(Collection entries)
■ ■ ■ ■ ■ ■ ■

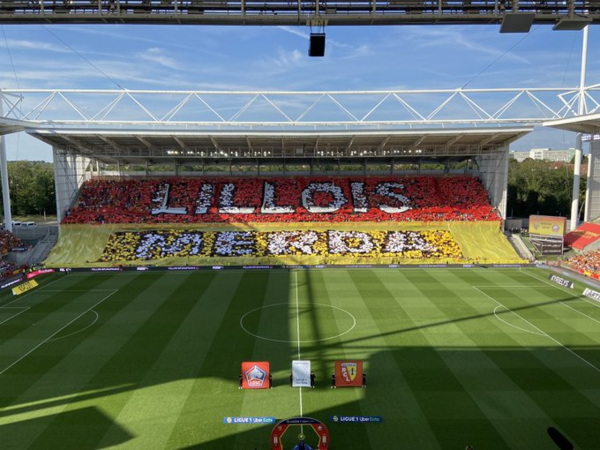 Lens agrava la crisis del Lille en un derbi 'perturbado' por los hinchas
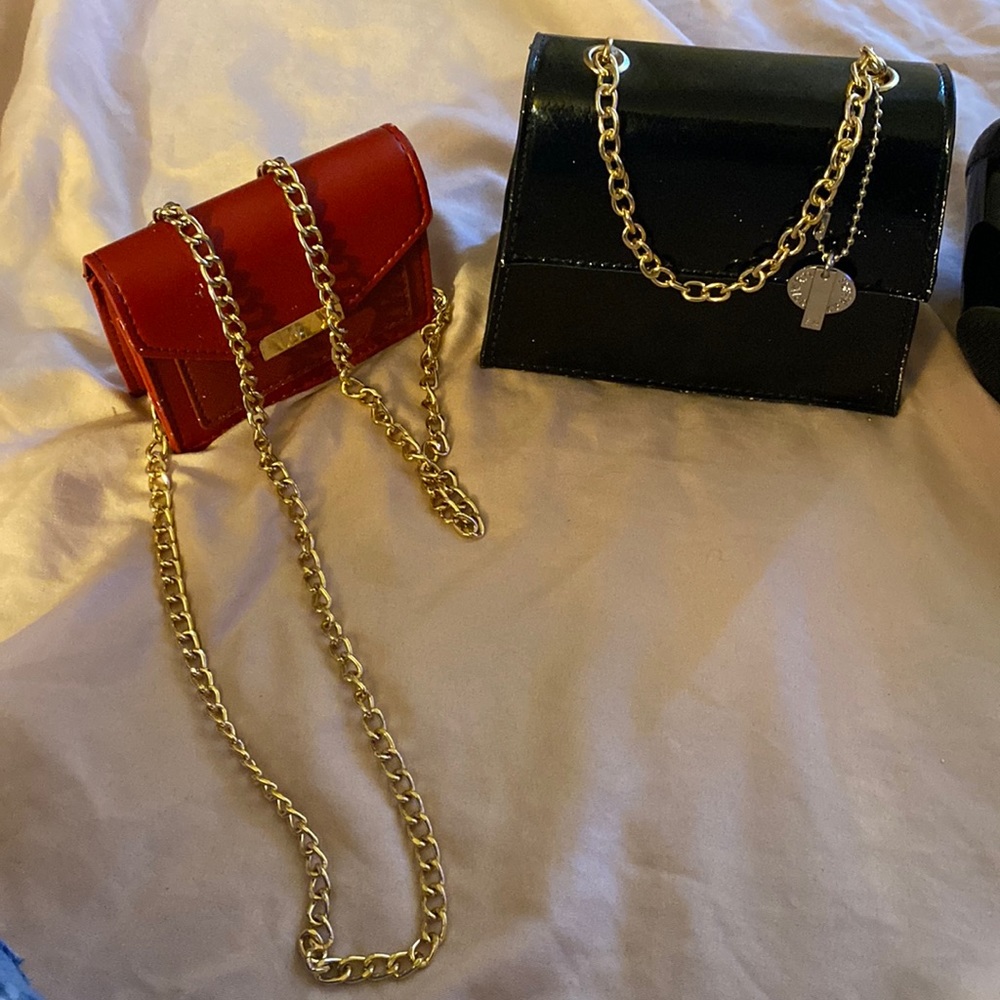 Pack of small forever 21 purses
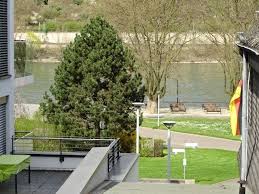 Durchschnittlicher mietpreis (wohnung) pro quadratmeter in andernach9 €. 2 Zimmer Wohnung Zu Vermieten Holzgasse 14 56626 Andernach Mayen Koblenz Kreis Mapio Net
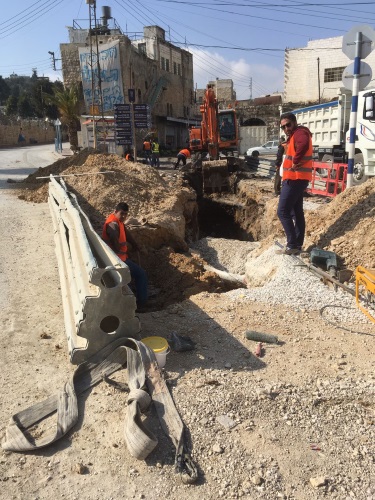 flood libel - rehabilitation of draining pipes in Hebron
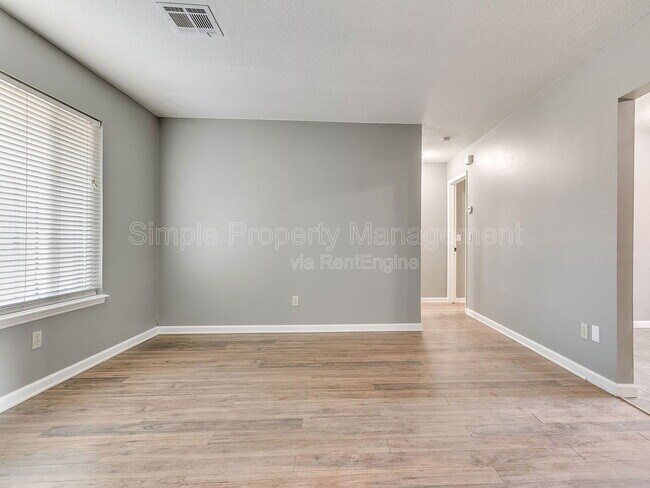 Building Photo - 6744 NW 52nd St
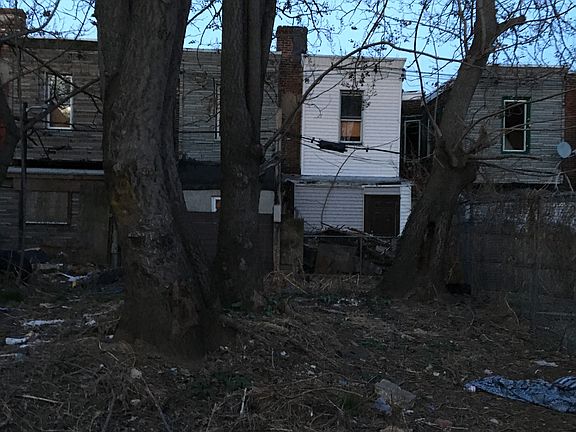 5th image of 2077 E Clementine St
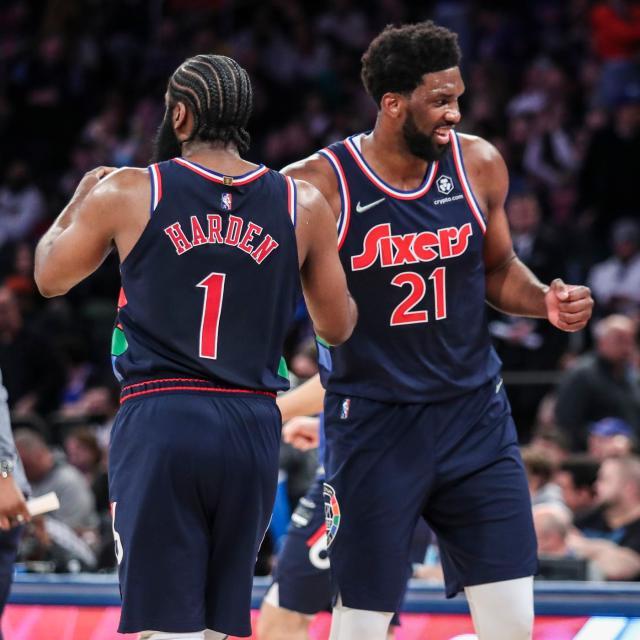 哈登不谈数据只想赢球 双核变默契冲冠更有底气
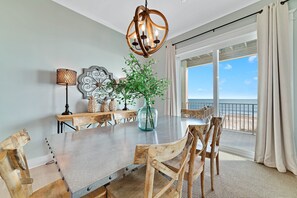 Dining - Pineapple Paradise by GSVR | Stunning Beachfront Escape w/ Heated Pool + FREE Activities/Golf (Gulf Shores)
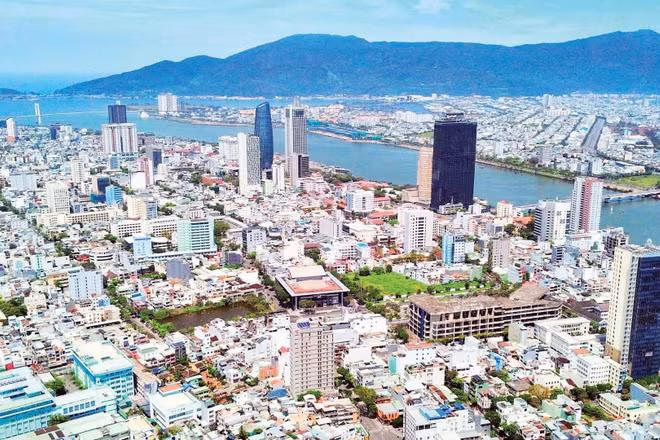 Trung tâm thành phố Đà Nẵng nhìn từ trên cao. (Ảnh: NGUYỄN THỊ ANH ĐÀO)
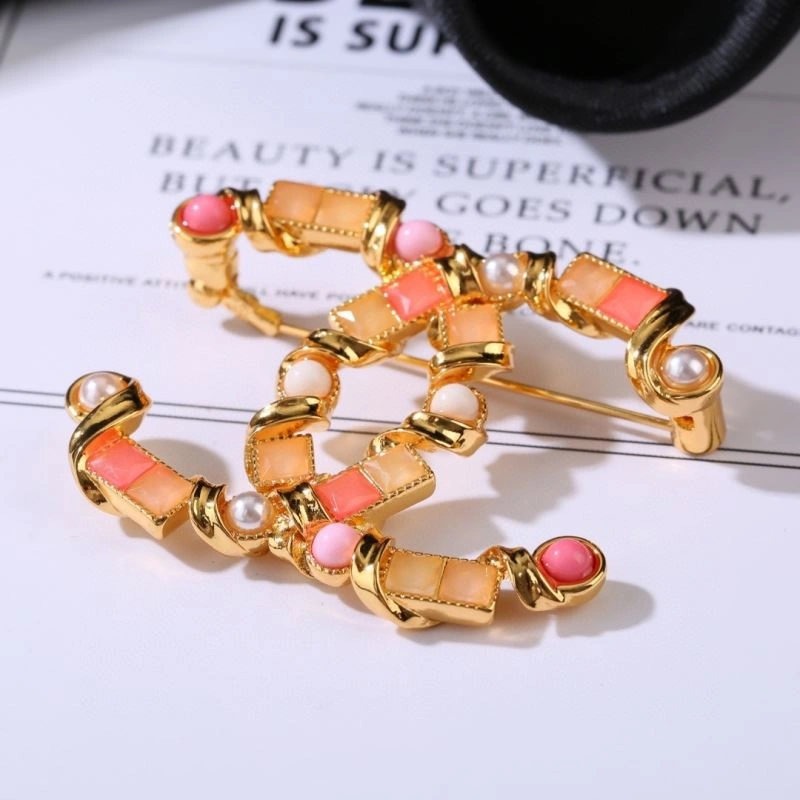 Comfortable Chanel Brooches 229213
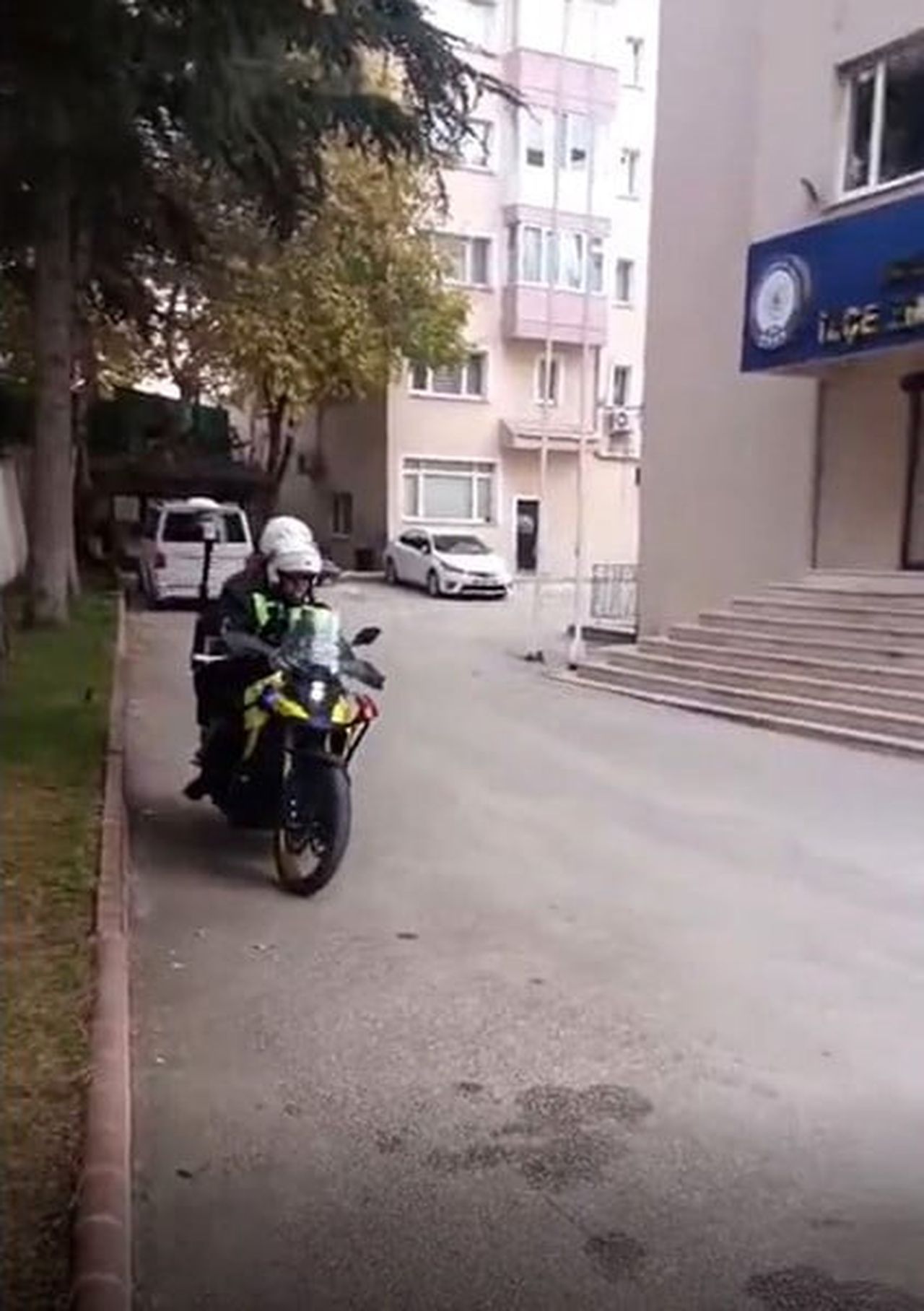 KPSS ORTAÖĞRETİM OTURUMUNDA SINAVA GEÇ KALMA RİSKİ BULUNAN VE BELGELERİNİ UNUTAN ADAYLARIN...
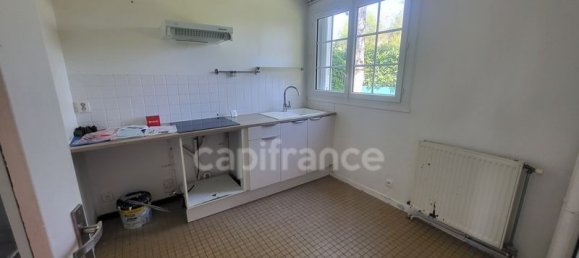 3 bedrooms House in Auvers-sur-Oise, France No. 318159 3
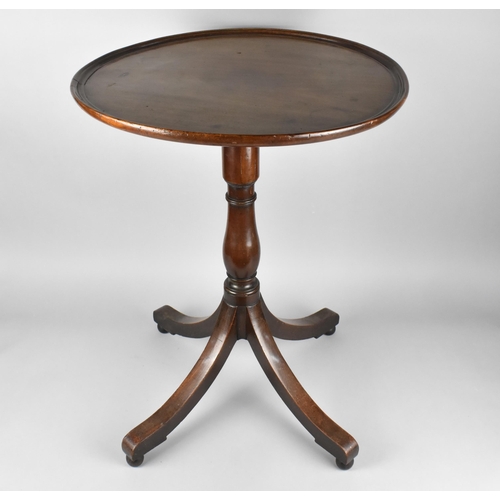 91 - A 19th Century Pie Crust Pedestal Table with Turned Column Culminating to Quadrant Splayed Supports ... 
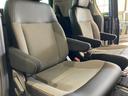 ２列目シートはゆったりと座ることが出来ます！また、ウォークスルーにより前列・後列への移動もスムーズに行えます。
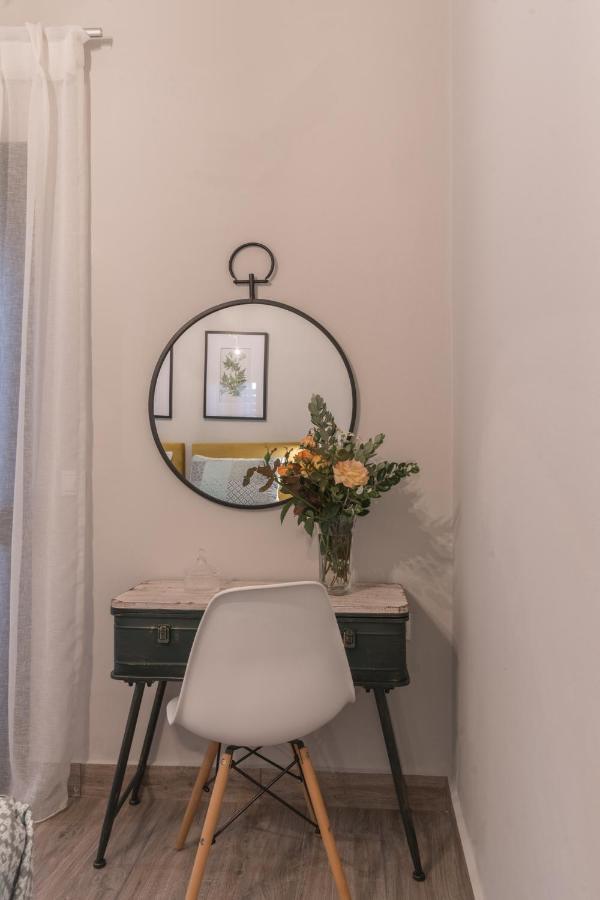Casa Leone, Cosy Apartment Overlooking The Square Spílion Екстериор снимка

■ ■ ■ ■ ■ ■ ■

### [TASK]
Every entry must be written out exactly, with all pictures left out.

### [WRITTEN RESPONSE]
 Lens agrava la crisis del Lille en un derbi 'perturbado' por los hinchas
 Pack of small forever 21 purses
 Durchschnittlicher mietpreis (wohnung) pro quadratmeter in andernach9 €. 2 Zimmer Wohnung Zu Vermieten Holzgasse 14 56626 Andernach Mayen Koblenz Kreis Mapio Net
 flood libel - rehabilitation of draining pipes in Hebron
 Building Photo - 6744 NW 52nd St
 5th image of 2077 E Clementine St
 哈登不谈数据只想赢球 双核变默契冲冠更有底气
 Dining - Pineapple Paradise by GSVR | Stunning Beachfront Escape w/ Heated Pool + FREE Activities/Golf (Gulf Shores)
 Trung tâm thành phố Đà Nẵng nhìn từ trên cao. (Ảnh: NGUYỄN THỊ ANH ĐÀO)
 Comfortable Chanel Brooches 229213
 KPSS ORTAÖĞRETİM OTURUMUNDA SINAVA GEÇ KALMA RİSKİ BULUNAN VE BELGELERİNİ UNUTAN ADAYLARIN...
 3 bedrooms House in Auvers-sur-Oise, France No. 318159 3
 91 - A 19th Century Pie Crust Pedestal Table with Turned Column Culminating to Quadrant Splayed Supports ... 
 ２列目シートはゆったりと座ることが出来ます！また、ウォークスルーにより前列・後列への移動もスムーズに行えます。
Casa Leone, Cosy Apartment Overlooking The Square Spílion Екстериор снимка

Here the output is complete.